Perhaps President Trump is right, and it’s not about collusion at all.
But that doesn’t mean he has nothing to worry about.
Special prosecutor Robert Mueller notched a prominent win on Tuesday with a guilty verdict on eight of 18 charges in the trial of Paul Manafort, who spent five months with Trump’s 2016 presidential campaign, including two months as chairman. While the jury deadlocked on 10 counts, it found Manafort guilty of five tax-evasion charges, two bank-fraud charges, and one charge of failing to register a foreign bank account. Jail time could total as much as 80 years.
Trump must wonder whether his business dealings could survive the type of forensic analysis Mueller’s team was able to perform on Manafort’s operation.
Follow the money
Prosecutors in the Manafort trial didn’t focus at all on Russia, even though it is Mueller’s mandate to explore all links between Russia and the 2016 U.S. presidential election. Instead, Mueller focused on crimes unearthed while investigating Russian interference, which the special prosecutor is entitled to do.
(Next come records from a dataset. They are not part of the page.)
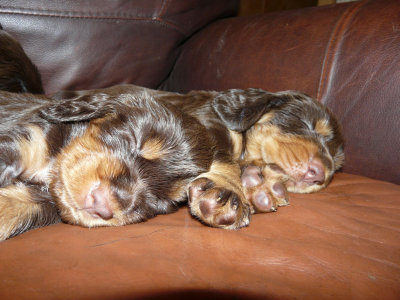 Pups 3.5 weeks 136.jpg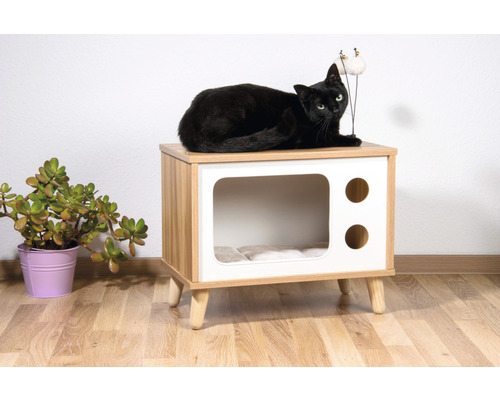 Schwarze Katze auf Katzenmöbel im Retro-Design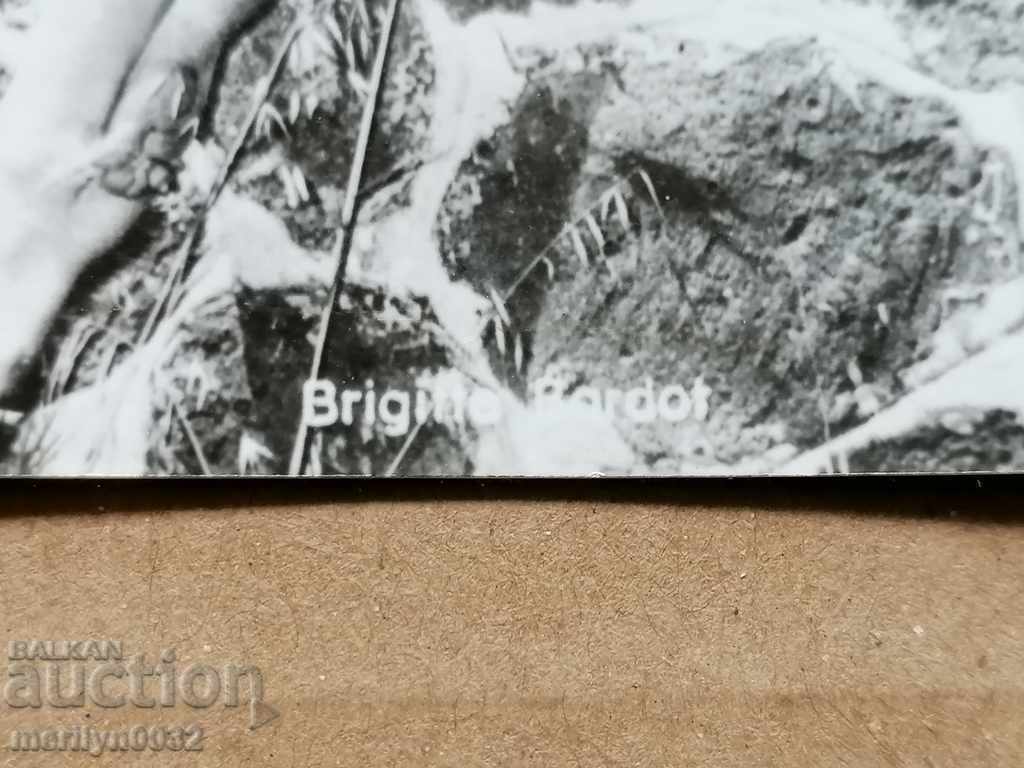 Postcard photo Brigitte Burdeau with price 19.00 BGN | € 9.71 Postcard photo Brigitte Burdeau with price 19.00 BGN | € 9.71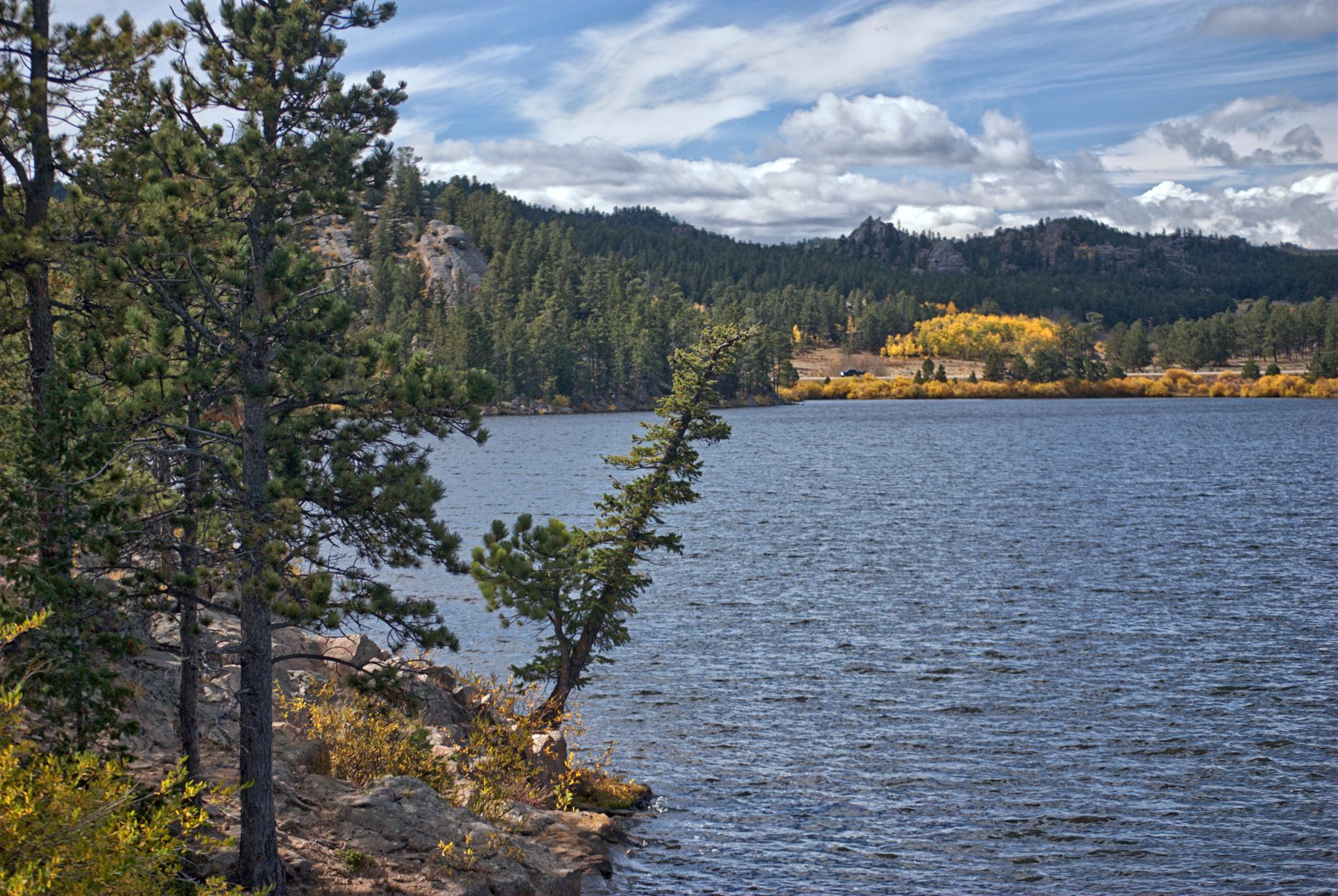 Pine trees on a rocky shore overlooking a lake with autumn foliage.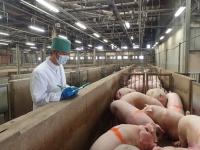 豚の生体検査の画像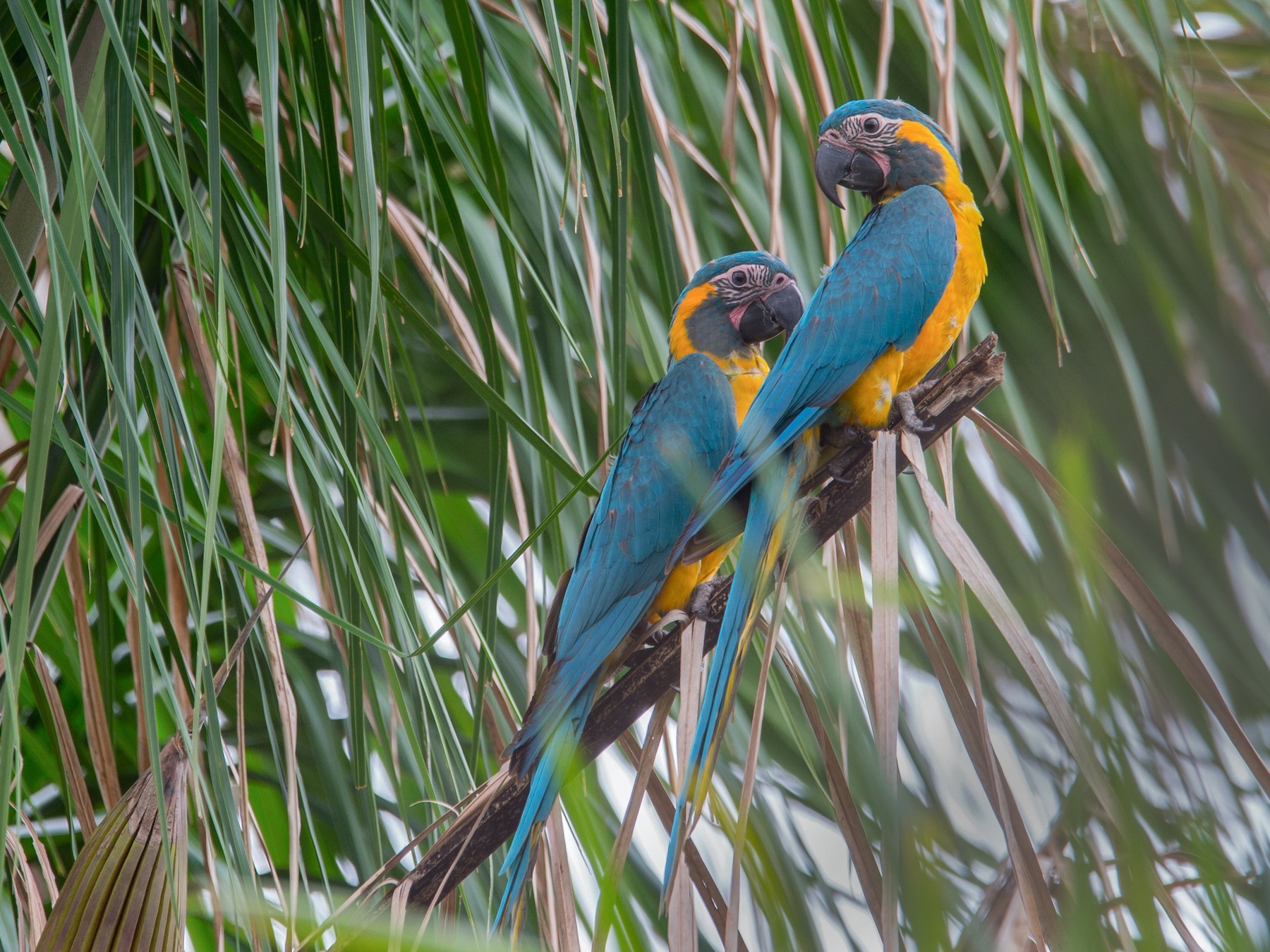 Blue-throated Macaw - Marc FASOL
Manafort earned as much as $65 million as a consultant for foreign politicians from 2006 to 2015, parking most of the money in overseas accounts to avoid paying U.S. taxes on it. He never registered as a foreign lobbyist even though he represented foreign interests in Washington. And when Manafort’s foreign income began to run dry in 2014, he obtained millions of dollars in loans by misleading banks about his assets and finances while also holding out the prospect of plum jobs in the Trump administration in exchange for favorable treatment from lenders.
Trump never operated as a foreign consultant, and there’s no reason to think he shielded foreign income in offshore accounts the way Manafort did. But other aspects of the Manafort investigation get closer to the type of business Trump did as chairman of the Trump Organization. As a real-estate developer with projects in at least a dozen countries, Trump had business relationships with a variety of Russians — involving millions of dollars’ worth of deals — at a minimum.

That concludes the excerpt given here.